Pull out every line below holding the word "from".

=== TASK DATA ===

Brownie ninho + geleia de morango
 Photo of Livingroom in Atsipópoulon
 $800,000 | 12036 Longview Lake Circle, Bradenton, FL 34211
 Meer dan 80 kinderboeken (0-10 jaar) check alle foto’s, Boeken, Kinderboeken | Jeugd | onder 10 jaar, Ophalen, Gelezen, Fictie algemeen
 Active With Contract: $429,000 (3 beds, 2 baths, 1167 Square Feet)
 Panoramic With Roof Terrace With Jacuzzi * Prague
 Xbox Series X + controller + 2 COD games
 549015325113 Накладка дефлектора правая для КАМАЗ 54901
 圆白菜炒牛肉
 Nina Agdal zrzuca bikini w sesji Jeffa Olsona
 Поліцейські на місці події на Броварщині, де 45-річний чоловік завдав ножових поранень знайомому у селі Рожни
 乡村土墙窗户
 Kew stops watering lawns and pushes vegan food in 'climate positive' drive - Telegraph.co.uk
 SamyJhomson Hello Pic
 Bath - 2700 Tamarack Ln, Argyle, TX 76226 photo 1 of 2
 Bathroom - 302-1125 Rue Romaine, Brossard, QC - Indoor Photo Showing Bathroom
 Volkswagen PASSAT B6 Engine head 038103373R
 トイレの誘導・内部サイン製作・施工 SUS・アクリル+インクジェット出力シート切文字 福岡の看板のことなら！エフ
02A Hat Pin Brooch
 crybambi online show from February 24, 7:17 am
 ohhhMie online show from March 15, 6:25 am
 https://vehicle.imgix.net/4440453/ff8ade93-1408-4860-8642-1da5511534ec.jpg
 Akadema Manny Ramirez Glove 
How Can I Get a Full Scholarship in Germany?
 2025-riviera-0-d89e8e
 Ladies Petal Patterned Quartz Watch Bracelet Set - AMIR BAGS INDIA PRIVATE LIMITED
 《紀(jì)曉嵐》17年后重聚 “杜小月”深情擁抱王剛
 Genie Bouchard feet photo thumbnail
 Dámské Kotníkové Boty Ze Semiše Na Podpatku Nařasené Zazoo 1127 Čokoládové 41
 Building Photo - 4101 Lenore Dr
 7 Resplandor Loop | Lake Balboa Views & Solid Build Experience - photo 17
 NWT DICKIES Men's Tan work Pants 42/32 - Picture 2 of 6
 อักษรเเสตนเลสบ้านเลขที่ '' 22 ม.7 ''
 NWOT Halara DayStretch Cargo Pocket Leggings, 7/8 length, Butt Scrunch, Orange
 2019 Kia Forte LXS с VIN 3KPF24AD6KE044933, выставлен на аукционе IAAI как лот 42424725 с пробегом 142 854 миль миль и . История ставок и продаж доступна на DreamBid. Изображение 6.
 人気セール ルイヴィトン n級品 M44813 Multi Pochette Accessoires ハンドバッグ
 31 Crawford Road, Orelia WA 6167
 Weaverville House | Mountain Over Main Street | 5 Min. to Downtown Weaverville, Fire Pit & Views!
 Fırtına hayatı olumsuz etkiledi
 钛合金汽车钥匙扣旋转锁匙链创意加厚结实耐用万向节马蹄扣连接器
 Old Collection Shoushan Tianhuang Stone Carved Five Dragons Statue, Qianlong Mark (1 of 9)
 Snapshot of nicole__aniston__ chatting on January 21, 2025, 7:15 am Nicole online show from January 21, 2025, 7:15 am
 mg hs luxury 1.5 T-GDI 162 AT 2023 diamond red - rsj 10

===

→ **RESULT**:
 crybambi online show from February 24, 7:17 am
 ohhhMie online show from March 15, 6:25 am
 Snapshot of nicole__aniston__ chatting on January 21, 2025, 7:15 am Nicole online show from January 21, 2025, 7:15 am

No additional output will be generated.